Data records
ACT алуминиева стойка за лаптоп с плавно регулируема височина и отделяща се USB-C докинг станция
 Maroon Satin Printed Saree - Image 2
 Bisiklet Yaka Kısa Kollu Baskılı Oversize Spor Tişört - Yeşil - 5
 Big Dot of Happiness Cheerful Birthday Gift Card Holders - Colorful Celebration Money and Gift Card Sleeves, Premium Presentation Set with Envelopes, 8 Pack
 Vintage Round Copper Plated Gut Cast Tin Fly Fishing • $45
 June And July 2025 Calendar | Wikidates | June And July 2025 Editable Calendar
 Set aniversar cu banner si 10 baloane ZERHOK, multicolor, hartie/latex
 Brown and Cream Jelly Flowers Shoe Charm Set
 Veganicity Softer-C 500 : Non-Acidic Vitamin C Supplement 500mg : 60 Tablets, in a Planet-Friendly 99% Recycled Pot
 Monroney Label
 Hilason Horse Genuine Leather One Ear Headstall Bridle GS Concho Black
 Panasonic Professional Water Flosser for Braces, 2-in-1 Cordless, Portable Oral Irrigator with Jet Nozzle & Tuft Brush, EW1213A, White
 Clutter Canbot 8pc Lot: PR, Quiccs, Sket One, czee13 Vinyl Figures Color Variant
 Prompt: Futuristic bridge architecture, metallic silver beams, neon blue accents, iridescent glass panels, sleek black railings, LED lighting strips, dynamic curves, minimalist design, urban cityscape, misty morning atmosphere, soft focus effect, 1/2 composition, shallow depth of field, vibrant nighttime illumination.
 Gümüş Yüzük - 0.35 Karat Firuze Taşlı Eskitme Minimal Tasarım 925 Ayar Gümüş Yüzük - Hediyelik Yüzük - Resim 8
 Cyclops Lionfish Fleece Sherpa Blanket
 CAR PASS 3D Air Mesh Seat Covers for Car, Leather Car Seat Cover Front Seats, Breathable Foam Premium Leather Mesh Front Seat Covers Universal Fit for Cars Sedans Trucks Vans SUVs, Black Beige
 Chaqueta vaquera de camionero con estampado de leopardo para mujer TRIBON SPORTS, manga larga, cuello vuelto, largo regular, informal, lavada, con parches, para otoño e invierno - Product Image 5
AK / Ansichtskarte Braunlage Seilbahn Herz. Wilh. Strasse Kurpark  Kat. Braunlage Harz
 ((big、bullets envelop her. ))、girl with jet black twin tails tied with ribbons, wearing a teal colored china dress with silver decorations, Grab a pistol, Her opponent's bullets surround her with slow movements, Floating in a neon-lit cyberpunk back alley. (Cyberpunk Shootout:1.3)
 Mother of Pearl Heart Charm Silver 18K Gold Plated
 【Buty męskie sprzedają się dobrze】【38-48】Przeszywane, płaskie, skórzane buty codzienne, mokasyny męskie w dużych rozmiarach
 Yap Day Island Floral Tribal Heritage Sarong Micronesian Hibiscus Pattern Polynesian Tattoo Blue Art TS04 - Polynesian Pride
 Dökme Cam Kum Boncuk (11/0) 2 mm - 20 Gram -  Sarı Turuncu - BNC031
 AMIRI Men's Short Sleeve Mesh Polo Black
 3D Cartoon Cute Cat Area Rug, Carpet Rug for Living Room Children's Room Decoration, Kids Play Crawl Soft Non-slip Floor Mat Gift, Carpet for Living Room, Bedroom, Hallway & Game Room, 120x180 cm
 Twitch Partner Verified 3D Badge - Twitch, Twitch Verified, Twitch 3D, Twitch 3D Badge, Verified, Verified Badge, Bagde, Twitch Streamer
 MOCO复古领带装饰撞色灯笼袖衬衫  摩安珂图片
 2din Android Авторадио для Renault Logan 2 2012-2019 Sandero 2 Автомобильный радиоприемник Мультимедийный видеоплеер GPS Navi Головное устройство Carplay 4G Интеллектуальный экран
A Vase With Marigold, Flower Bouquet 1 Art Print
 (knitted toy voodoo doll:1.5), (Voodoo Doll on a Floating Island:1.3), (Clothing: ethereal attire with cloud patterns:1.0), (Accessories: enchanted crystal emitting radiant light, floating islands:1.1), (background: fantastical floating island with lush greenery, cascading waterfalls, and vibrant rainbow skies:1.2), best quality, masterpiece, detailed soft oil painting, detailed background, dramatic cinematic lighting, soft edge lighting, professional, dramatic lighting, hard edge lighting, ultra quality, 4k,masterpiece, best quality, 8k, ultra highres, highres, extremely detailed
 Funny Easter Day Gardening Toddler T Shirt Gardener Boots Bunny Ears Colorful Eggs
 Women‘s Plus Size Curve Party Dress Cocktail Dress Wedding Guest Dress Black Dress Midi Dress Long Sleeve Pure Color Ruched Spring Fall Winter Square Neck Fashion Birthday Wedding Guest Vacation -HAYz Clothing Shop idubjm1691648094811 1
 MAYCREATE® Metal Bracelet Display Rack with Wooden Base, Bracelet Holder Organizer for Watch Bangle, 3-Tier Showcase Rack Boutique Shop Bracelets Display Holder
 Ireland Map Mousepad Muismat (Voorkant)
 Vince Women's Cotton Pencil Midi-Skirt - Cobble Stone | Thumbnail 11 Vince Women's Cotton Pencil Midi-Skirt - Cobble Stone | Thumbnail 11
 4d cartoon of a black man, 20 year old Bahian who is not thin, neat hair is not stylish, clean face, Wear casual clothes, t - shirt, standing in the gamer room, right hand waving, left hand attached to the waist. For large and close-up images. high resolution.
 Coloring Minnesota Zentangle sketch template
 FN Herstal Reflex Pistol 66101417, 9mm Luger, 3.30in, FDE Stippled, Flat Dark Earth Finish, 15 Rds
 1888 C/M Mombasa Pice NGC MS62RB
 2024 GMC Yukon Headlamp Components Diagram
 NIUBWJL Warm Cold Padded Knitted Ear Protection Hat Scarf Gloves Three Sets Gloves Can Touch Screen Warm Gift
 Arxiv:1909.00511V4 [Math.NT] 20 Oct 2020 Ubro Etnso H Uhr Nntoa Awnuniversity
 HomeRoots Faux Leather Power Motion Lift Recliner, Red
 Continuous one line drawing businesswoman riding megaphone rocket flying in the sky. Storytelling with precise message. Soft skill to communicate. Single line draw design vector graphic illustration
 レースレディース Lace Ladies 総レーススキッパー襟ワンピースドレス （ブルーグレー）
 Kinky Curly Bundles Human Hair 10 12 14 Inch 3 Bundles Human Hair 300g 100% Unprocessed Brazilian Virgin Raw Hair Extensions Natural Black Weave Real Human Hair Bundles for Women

• **Task goal**: Begin with the first line of the records and reproduce each line as is, ending with the line that holds "Cyclops Lionfish Fleece Sherpa Blanket".

• **Response area**:
ACT алуминиева стойка за лаптоп с плавно регулируема височина и отделяща се USB-C докинг станция
 Maroon Satin Printed Saree - Image 2
 Bisiklet Yaka Kısa Kollu Baskılı Oversize Spor Tişört - Yeşil - 5
 Big Dot of Happiness Cheerful Birthday Gift Card Holders - Colorful Celebration Money and Gift Card Sleeves, Premium Presentation Set with Envelopes, 8 Pack
 Vintage Round Copper Plated Gut Cast Tin Fly Fishing • $45
 June And July 2025 Calendar | Wikidates | June And July 2025 Editable Calendar
 Set aniversar cu banner si 10 baloane ZERHOK, multicolor, hartie/latex
 Brown and Cream Jelly Flowers Shoe Charm Set
 Veganicity Softer-C 500 : Non-Acidic Vitamin C Supplement 500mg : 60 Tablets, in a Planet-Friendly 99% Recycled Pot
 Monroney Label
 Hilason Horse Genuine Leather One Ear Headstall Bridle GS Concho Black
 Panasonic Professional Water Flosser for Braces, 2-in-1 Cordless, Portable Oral Irrigator with Jet Nozzle & Tuft Brush, EW1213A, White
 Clutter Canbot 8pc Lot: PR, Quiccs, Sket One, czee13 Vinyl Figures Color Variant
 Prompt: Futuristic bridge architecture, metallic silver beams, neon blue accents, iridescent glass panels, sleek black railings, LED lighting strips, dynamic curves, minimalist design, urban cityscape, misty morning atmosphere, soft focus effect, 1/2 composition, shallow depth of field, vibrant nighttime illumination.
 Gümüş Yüzük - 0.35 Karat Firuze Taşlı Eskitme Minimal Tasarım 925 Ayar Gümüş Yüzük - Hediyelik Yüzük - Resim 8
 Cyclops Lionfish Fleece Sherpa Blanket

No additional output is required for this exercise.